If you normally shoot in the 10 - 16mm range then you'll ise the 17 - 40 more than the 24 - 105 as the 10 - 16 is equivalent to 16 - 25/6mm


----------



## RC (Mar 29, 2012)

dawgfanjeff said:


> ... You'll be walking along boardwalks and standing literally 3 feet from open thermals, "pots" and geysers that have so much visual interest you'll feel like there is no way to frame it without sacrifice, so go wide....



Very good point for justifying a 10-22 or equivalent. Don't leave home without it.


----------



## DeadPixel (Mar 29, 2012)

Mt. Spokane, thanks for sharing, beautiful pictures! 

Cali- glad to hear the first hand vouch for the 10-22! 

Razar2012- that's a great point about the height and foreground. I'll sheepishly admit i didnt consider that.

dawgfanjeff, great shots and I really appreciate the tips - I probably would have tried to shoot the first bison I saw! 

Rc and others, I might pick up the 10-22 - its a valid point that it could be resold if I didn't want it to have a permanent home in my bag.

In terms of more zoon as some suggested, im not overly keen on taking one of the big whites (rented or otherwise) so the biggest I have now is the 70-300 f/4-5.6, I know the canon teleconverters won't work with this, but I understand some of the kenko ones would? Of course id loose a stop or two but might that be a viable option?

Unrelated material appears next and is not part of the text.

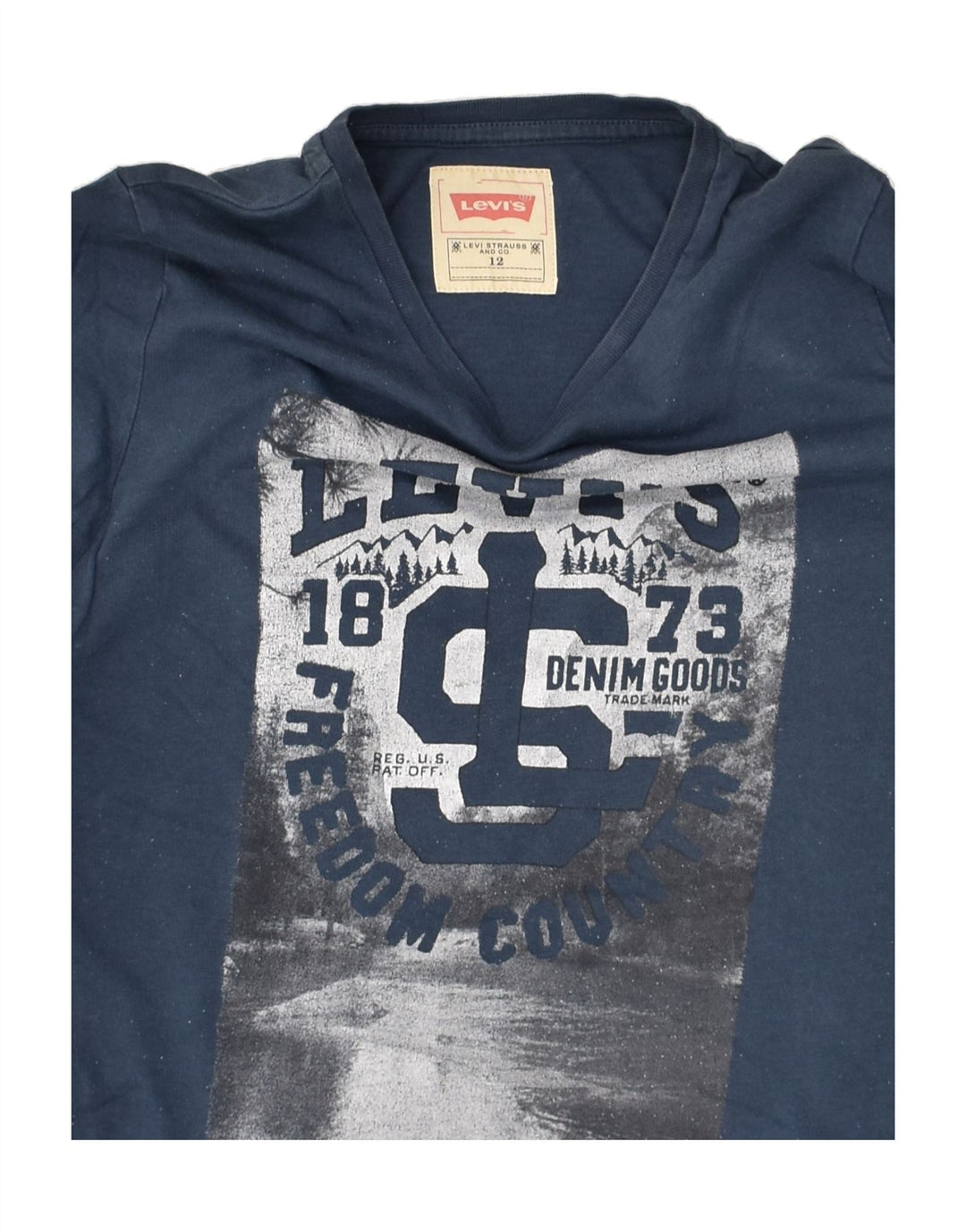 LEVI'S Boys Graphic Top Long Sleeve 11-12 Years Navy Blue Cotton | Vintage Levi's | Thrift | Second-Hand Levi's | Used Clothing | Messina Hembry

For those who have been before, how many days are needed to really get a decent overview of the park? I've been told at least 3 by some friends that visited last year.

Thanks for the great feedback so far, I really appreciate it!

DeadPixel


----------



## dawgfanjeff (Mar 29, 2012)

I think that unless you spend a solid week, you'll always wish you had one more day Especially if you add Grand Teton to it. This will also give you plenty of time to sit and wait for the right light, and/or right animal to wander in your viewfinder. It's big enough that you may want to consider securing lodging in a couple of places and divide the trip in half, so you spend as little time as you have to driving past the same places to get to another. 

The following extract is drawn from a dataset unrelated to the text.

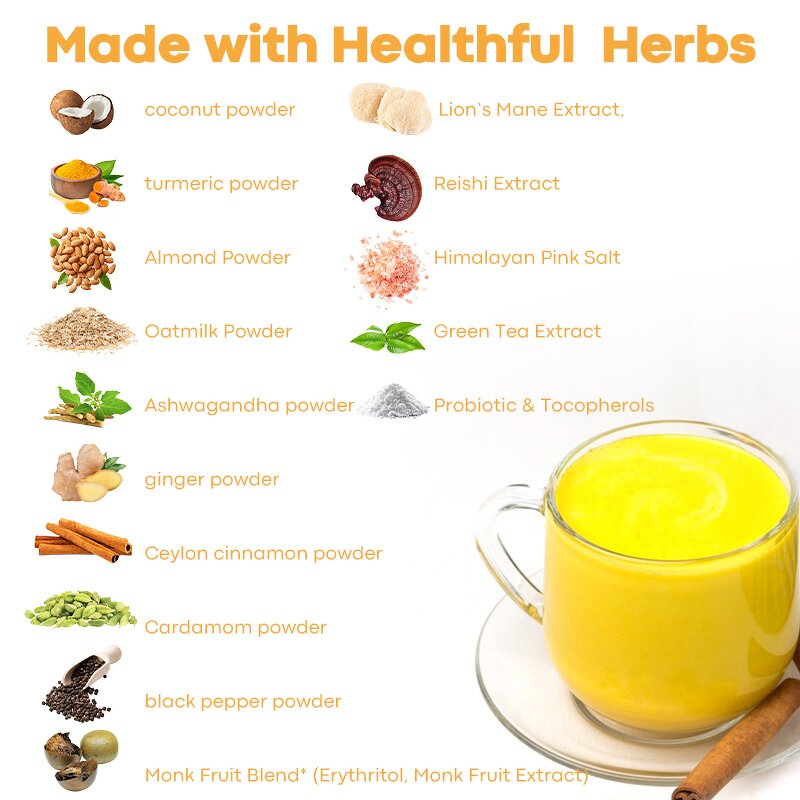 Turmeric Latte Manufacturer - Private Label Turmeric Blend Mushrooms Probiotics Turmeric Almond Superfood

I rented a 100-400L (from aperturent.com) for the trip and several times wished I had more reach (and that's on a cropper 7D). There is just so much open space.


----------



## EOBeav (Mar 31, 2012)

Yeah, a wide angle is fine, but bring something along to zoom in close with, too. You'll need it for Undine Falls in the north end of the park:




Undine Falls by Rick.Scheibner, on Flickr


----------



## DianeK (Mar 31, 2012)

Another vote for the 10-22. Just came back from the Grand Canyon. I had both the 10-22 and the 15-85. I mostly used the 15-85 in portrait orientation to do multiple shots for stitched panoramas when even the 10-22 wasn't wide enough.
Diane


----------



## briansquibb (Mar 31, 2012)

I would take a 17-40 and pano the wide views. That way you wont have to carry to many lens. Dont forget the ND/ND grads and the PLs

Dont forget you can use the ND grads with darkside at the bottom


----------



## danski0224 (Mar 31, 2012)

dawgfanjeff said:


> I was there last September, and I'd recommend the longest zoom you can get (300mm should be a minimum), and without a doubt, rent a 10-22. You'll be walking along boardwalks and standing literally 3 feet from open thermals, "pots" and geysers that have so much visual interest you'll feel like there is no way to frame it without sacrifice, so go wide. I'd also leave the macro lens at home, instead bring a tripod and a polarizer for the 10-22.



I would echo this also. When you can't back up, nothing beats a wide angle.

I will add that I was much happier with the images that I took with the 16-35 II vs the Tokina 11-16. Not to say that the Tokina is a bad lens, but the perspectives are different. The 16-35 was on my 7D for much more time than the 11-16.

The 70-200 was nice for some instances. 

Automated stitching using photoshop and handheld images taken with the 16-35 worked very well for me at the Grand Canyon. The stitched image looks better than what I took with the Tokina. Unfortunately, I did the shots intended for the panorama on a whim because it has never worked out for me in the past. I regret not taking more.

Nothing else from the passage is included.